By Wayne Cole
SYDNEY – Australia’s top central banker on Wednesday indicated a steady drum beat of interest rate rises were needed to stop a damaging inflationary cycle developing, and suggested rates could at least double from current low levels.
The warning came as the central bank faces the first independent inquiry into its operations since the 1990s, amid criticism of its inflation and policy forecasting.
In a speech at a business conference in Melbourne, Reserve Bank of Australia (RBA) Governor Philip Lowe said it was crucial that high inflation not feed through to business and household expectations and become a self-fulfilling cycle.
He suggested rates might need to rise to a neutral level of at least 2.5%, from the current 1.35%, to curb inflation which is running at a 20-year peak of 5.1%.
“For inflation to return to the 2%–3% target range, a more sustainable balance between demand and supply is needed. Higher interest rates will help achieve this,” Lowe said.
The RBA has already raised rates for three months in a row and markets are wagering on further hikes to near 3.5% by the end of the year.
Lowe’s sober outlook comes as the newly elected Labor government released details of a long-planned review of the central bank looking into its Board structure, operations and methods of communication with the public.
The RBA has faced criticism for forecasting rates would stay at an emergency low of 0.1% out to 2024, only to reverse course and start hiking in May as inflation surged past expectations.
The central bank also undershot its 2%-3% inflation target for much of the previous decade, leading the IMF to suggest that policy had been too tight during those years.
Treasurer Jim Chalmers said the review, which is due to report by March, was not about “taking pot shots” at the RBA but rather to see if there were better ways to formulate and conduct monetary policy.
Lowe said the bank’s Board and staff welcomed the review.

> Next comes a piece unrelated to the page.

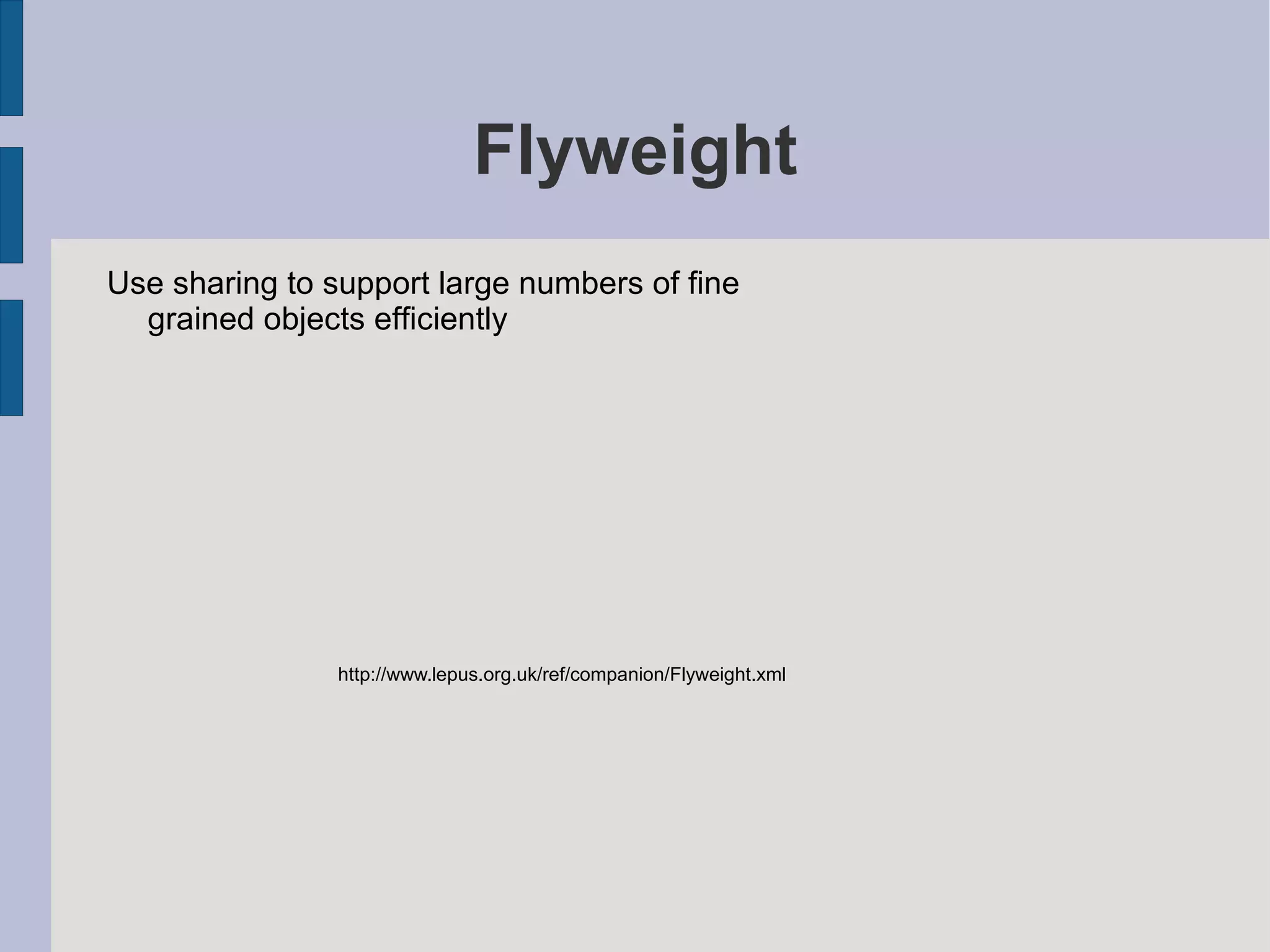 Command – GoF style Rahul Verma, Chetan Giridhar. Design Patterns in Python. www.testingperspective.com class Command : &quot;&quot;&quot;The Command Abstract class&quot;&quot;&quot; def __init__ ( self ): pass #Make changes def execute ( self ): #OVERRIDE raise NotImplementedError class FlipUpCommand (Command): &quot;&quot;&quot;The Command class for turning on the light&quot;&quot;&quot; def __init__ ( self , light): self .__light = light def execute ( self ): self .__light.turnOn()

“The terms of reference are appropriate and the government has appointed a first-class panel,” he said. “It is an opportunity to take stock of our monetary policy arrangements and make sure that they are fit for purpose for the challenges ahead.”
Lowe also defended the RBA’s aim of keeping inflation within a 2-3% band over the long term, saying a flexible target for consumer prices was widely accepted as the right framework by central banks around the world.